E-text prepared by Juliet Sutherland, Leonard Johnson, and the Project
Gutenberg Online Distributed Proofreading Team (https://www.pgdp.net)



Note: Project Gutenberg also has an HTML version of this
      file which includes the original illustrations.
      See 24950-h.htm or 24950-h.zip:
      (https://www.gutenberg.org/dirs/2/4/9/5/24950/24950-h/24950-h.htm)
      or
      (https://www.gutenberg.org/dirs/2/4/9/5/24950/24950-h.zip)


Transcribers note:

      Numbers in square brackets, [29], represent original manuscript
      pages.

      Letters in Square brackets, [AB], represent a link to a footnote
      located at the end of the book.

      A caret ^ indicates that the following letter/s are
      superscripted. The letters are enclosed in curly brackets where
      it may not be clear about which letters are superscripted.

      A square bracket, like [~m] indicates a letter with a tilde
      above.

      A square bracket, like [p=] indicates a letter with a macron
      under the letter.

      [=m] and [=n] sometimes are used to represent a double letter.
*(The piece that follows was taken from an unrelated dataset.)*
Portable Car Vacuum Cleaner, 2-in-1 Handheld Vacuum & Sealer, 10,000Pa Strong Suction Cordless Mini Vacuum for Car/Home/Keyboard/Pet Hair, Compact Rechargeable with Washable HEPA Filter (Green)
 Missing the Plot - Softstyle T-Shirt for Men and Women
      16^li. represents 16 pounds in monetary terms. The original
      manuscript used a middle dot before and after the numbers, but
      this publisher used only a single period/stop after the number.
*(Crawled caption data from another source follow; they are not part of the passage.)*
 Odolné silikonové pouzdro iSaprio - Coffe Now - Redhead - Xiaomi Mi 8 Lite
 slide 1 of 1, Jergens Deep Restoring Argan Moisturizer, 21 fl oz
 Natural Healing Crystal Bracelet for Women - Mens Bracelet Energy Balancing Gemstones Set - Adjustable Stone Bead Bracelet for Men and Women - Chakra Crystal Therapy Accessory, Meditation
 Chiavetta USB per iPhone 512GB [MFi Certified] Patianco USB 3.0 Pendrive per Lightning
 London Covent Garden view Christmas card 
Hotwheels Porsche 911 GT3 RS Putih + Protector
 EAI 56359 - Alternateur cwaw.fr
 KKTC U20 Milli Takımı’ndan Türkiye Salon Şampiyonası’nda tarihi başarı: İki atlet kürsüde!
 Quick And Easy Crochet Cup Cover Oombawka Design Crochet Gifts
      The 'li' appears to mean libra and in this book the 'l' is
      crossed with a middle bar or stroke. It was very difficult to
      represent in a Latin-1 text, so 'li' must suffice.

      Most often y, such as y^e, represents a thorn and the word is
      'the'. Sometimes you will encounter the actual word 'the'.
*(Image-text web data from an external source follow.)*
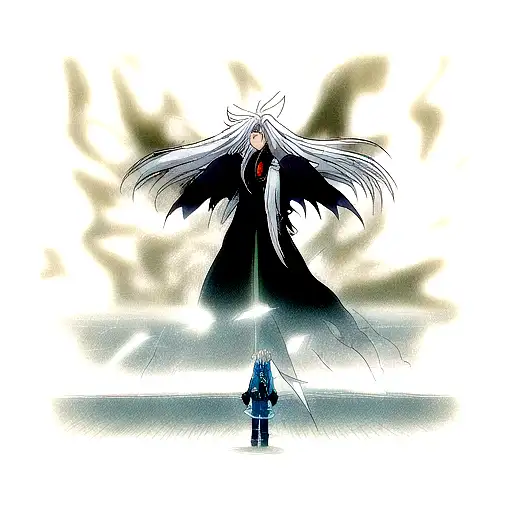 Sephiroth and the meteor tattoo design idea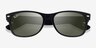 Ray-Ban RB2132 Wayfarer Rubber Black PlasticSunglass Frames from EyeBuyDirect, Closed View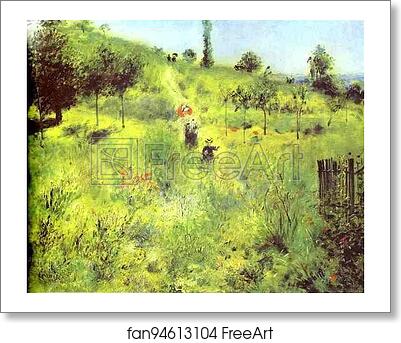 Free art print of Country Footpath in the Summer by Pierre-Auguste Renoir
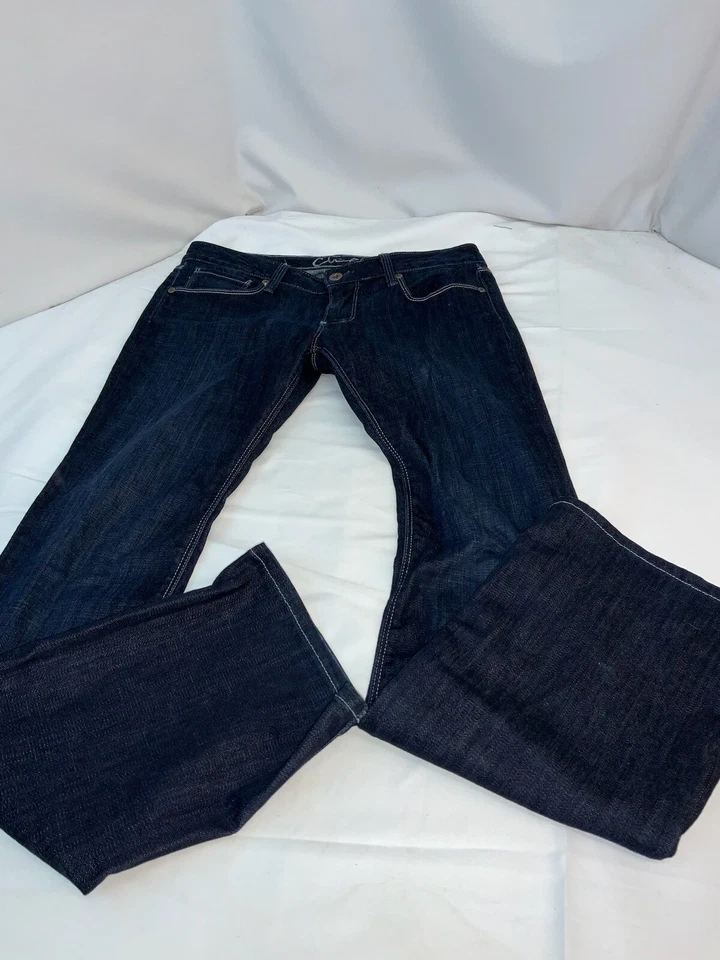 Pantalones de mezclilla Chip & Pepper Stella Boot talla 28 azul oscuro 31” entrepierna hechos en EE. UU. YGI L1-379 Foto 2 de 4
      This book is composed of many letters written by a number
      of authors and each writer uses their own spellings and
      abbreviations, which was common for the time in which they
      were written.

      Spelling is inconsistent and is left unchanged from the original
      printing of this book.





BRADFORD'S HISTORY
"OF PLIMOTH PLANTATION."

From the Original Manuscript.

With a Report of the Proceedings Incident
to the Return of the Manuscript
to Massachusetts.







Printed Under the Direction of the Secretary of the
Commonwealth,
by Order of the General Court.

Boston:
Wright & Potter Printing Co., State Printers,
18 Post Office Square.
1898.




INTRODUCTION.


To many people the return of the Bradford Manuscript is a fresh
discovery of colonial history. By very many it has been called,
incorrectly, the log of the "Mayflower." Indeed, that is the title by
which it is described in the decree of the Consistorial Court of London.
The fact is, however, that Governor Bradford undertook its preparation
long after the arrival of the Pilgrims, and it cannot be properly
considered as in any sense a log or daily journal of the voyage of the
"Mayflower." It is, in point of fact, a history of the Plymouth Colony,
chiefly in the form of annals, extending from the inception of the
colony down to the year 1647. The matter has been in print since 1856,
put forth through the public spirit of the Massachusetts Historical
Society, which secured a transcript of the document from London, and
printed it in the society's proceedings of the above-named year. As thus
presented, it had copious notes, prepared with great care by the late
Charles Deane; but these are not given in the present volume, wherein
only such comments as seem indispensable to a proper understanding of
the story have been made, leaving whatever elaboration may seem
desirable to some future private enterprise.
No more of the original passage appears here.